# What saws are you running



## babalu87 (Dec 12, 2005)

Since we all know what kind of stoves/inserts we all have I figured a saw thread may be useful.
If (and what saw doesnt) any saws have that little thing that maybe the next guy knows what wrong with it.

Anything I burn that isnt a pallet comes from my 6 acre lot I live on, plenty of Red/White Oaks and Pine trees
Not many of those E Z to split Maples though 

Jonsered 2054
Carb screws tend to back out and there I was thinking it was my fuel mix  :red: 
Now if I can just get it to stay on idle


----------



## Eric Johnson (Dec 12, 2005)

I use a 1998 Husqvarna Model 55 with an 18-inch bar and .325 safety chain. It was a gift from my Dad, who cringed every time he thought about me using my old Jonsereds 90 with no inertial chain brake.  He also feels that an 18-inch bar is way too big for the kind of wood I cut. He says, "if your bar is never too short, it's always too long." But that didn't slow me down last summer.


----------



## bruce56bb (Dec 12, 2005)

1996? husky 51. just started using it again after 3 or 4 years of not burning wood.
recently bought a new bar and chains and changed to the 18" verses the original 16".
on a side note, the new bar and chains made it feel like a new saw. best $80 i've spent in a long time.


----------



## quads (Dec 12, 2005)

Stihl 026.  20" bar.  

I bought it used from a neighbor for 50 bucks.  Was missing a few screws and things (like me), but nothing affecting performance!  And the chain brake is.......broke.  Maybe not quite as powerful as my old Sachs was, but sure a lot lighter.  And starts way better than the Homelite before that, or the McCulloch even before that.


----------



## wg_bent (Dec 12, 2005)

Husky 136.  Their smallest saw with new 16" bar and chain it's a very nice saw.  Cuts well, and seem much tougher than the previous saw I had...a Poulan.

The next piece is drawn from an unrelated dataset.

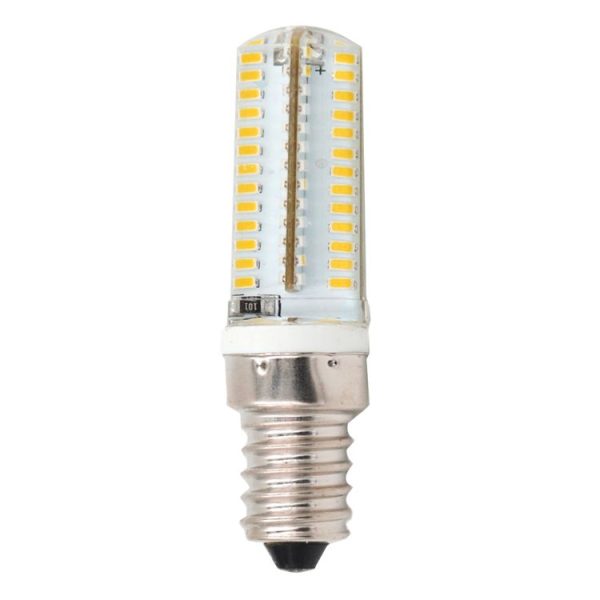 E14 5W 400LM 104 LED SMD 3014 Silicone Corn Light Bulb, AC 220V (Warm White Light) - Image 4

I don't cut as much wood as Eric does (I still want to know if your trying to heat the local WalMart Eric).  This year I've accumulated about 7 cords but that saw has probably easily cut 20 so far. (Oh the pain to watch my neighbor burn all that wood I gave her before I bought a stove)  

For a wood burner, I'd reccomend getting something with a little more HP, but I like my saw since it doesn't vibrate at all, and it's easy on the back cause it's lite and has modern safety features.


----------



## snowfreak (Dec 12, 2005)

I'm running a Craftsman 16" bar 60% of the time for the smallish stuff and a Husky 55 Rancher with a 20" bar for the bigger stuff.  When I got the Husky I realized how much I wanted to replace the Craftman.  Problem is I can't kill it, can't sell it for much,  so I guess I'll keep using it to the very end.


----------



## Bushfire (Dec 13, 2005)

I'm using a Husky 141 from Lowes.  So far no problems, although I don't have anything to compare it to as this is my first saw.  Cuts real well and it easy to handle as the bar isn't too long.  I also have saftey pants and head, ear and eye protection - a must in my opinion, especially as I doubt many of us ahve had training on these extremely dangerous pieces of eqipment.  In fact, i'm trying to convince some people at work (long time chain saw users) to offer some safety and technique training for us amatuers.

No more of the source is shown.